* SOURCE DATA

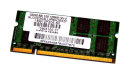 2 GB DDR2 RAM 200-pin SO-DIMM PC2-6400S Unifosa GU332G0ALUIR8H2E62F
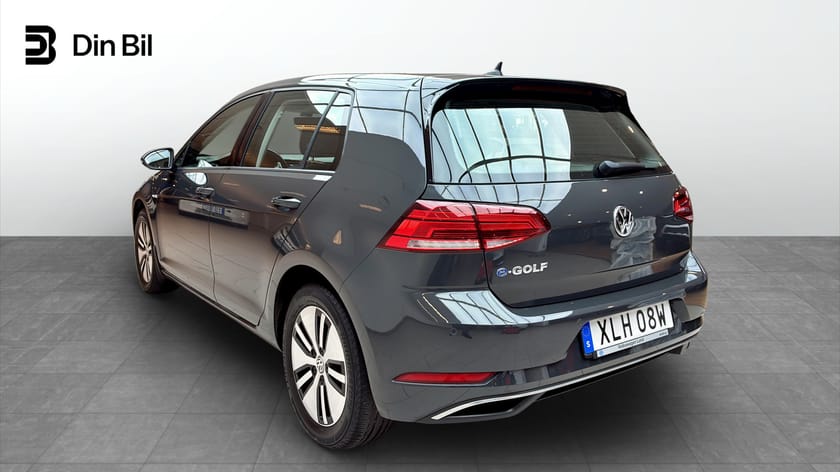 Bild 3 av Volkswagen e-Golf 136hk 32kWh Backkamera
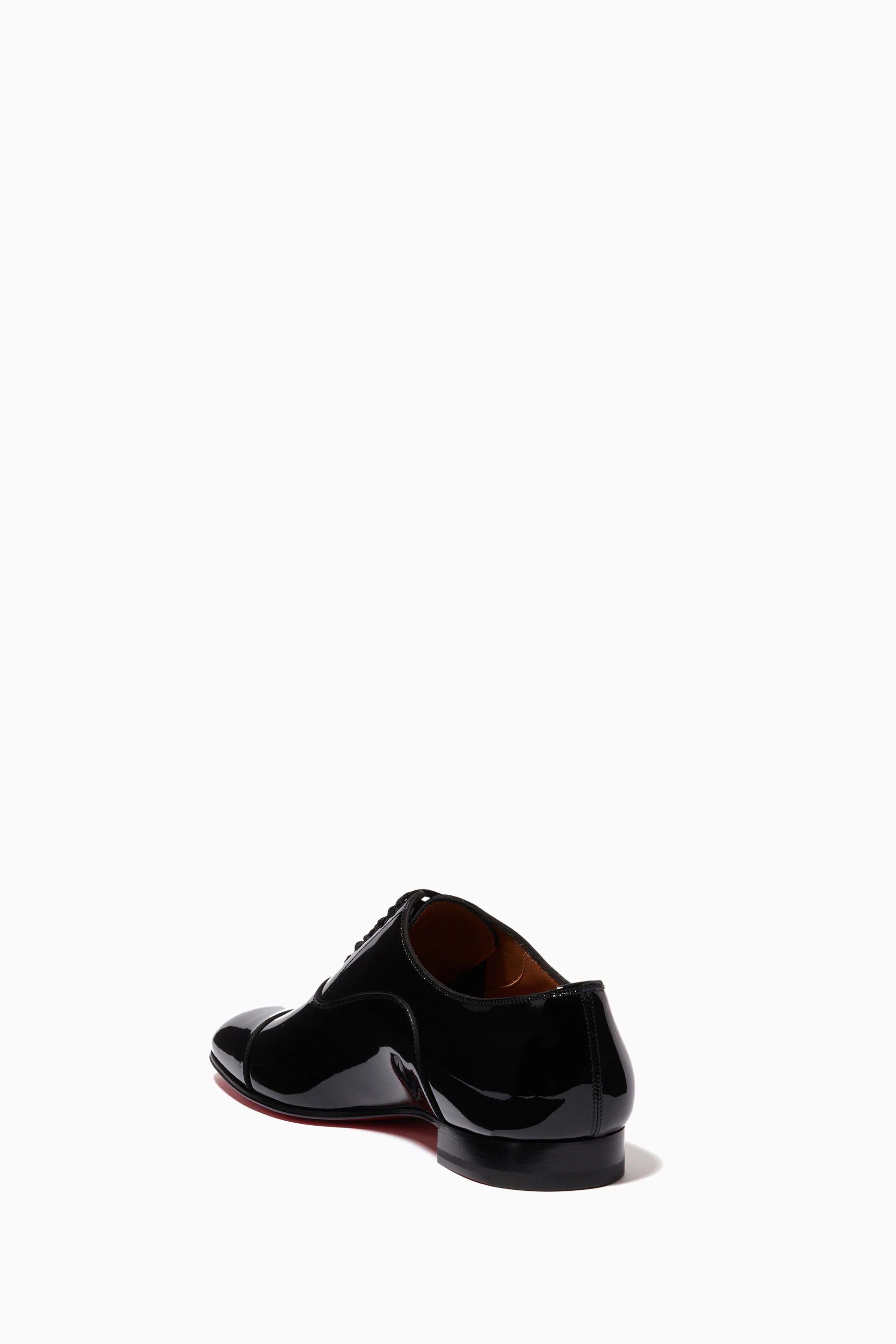 Louboutin greggo black outlet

* DIRECTIONS
Write out all of the data above exactly, without any of its pictures.

* EXERCISE ANSWER
 2 GB DDR2 RAM 200-pin SO-DIMM PC2-6400S Unifosa GU332G0ALUIR8H2E62F
 Bild 3 av Volkswagen e-Golf 136hk 32kWh Backkamera
 Louboutin greggo black outlet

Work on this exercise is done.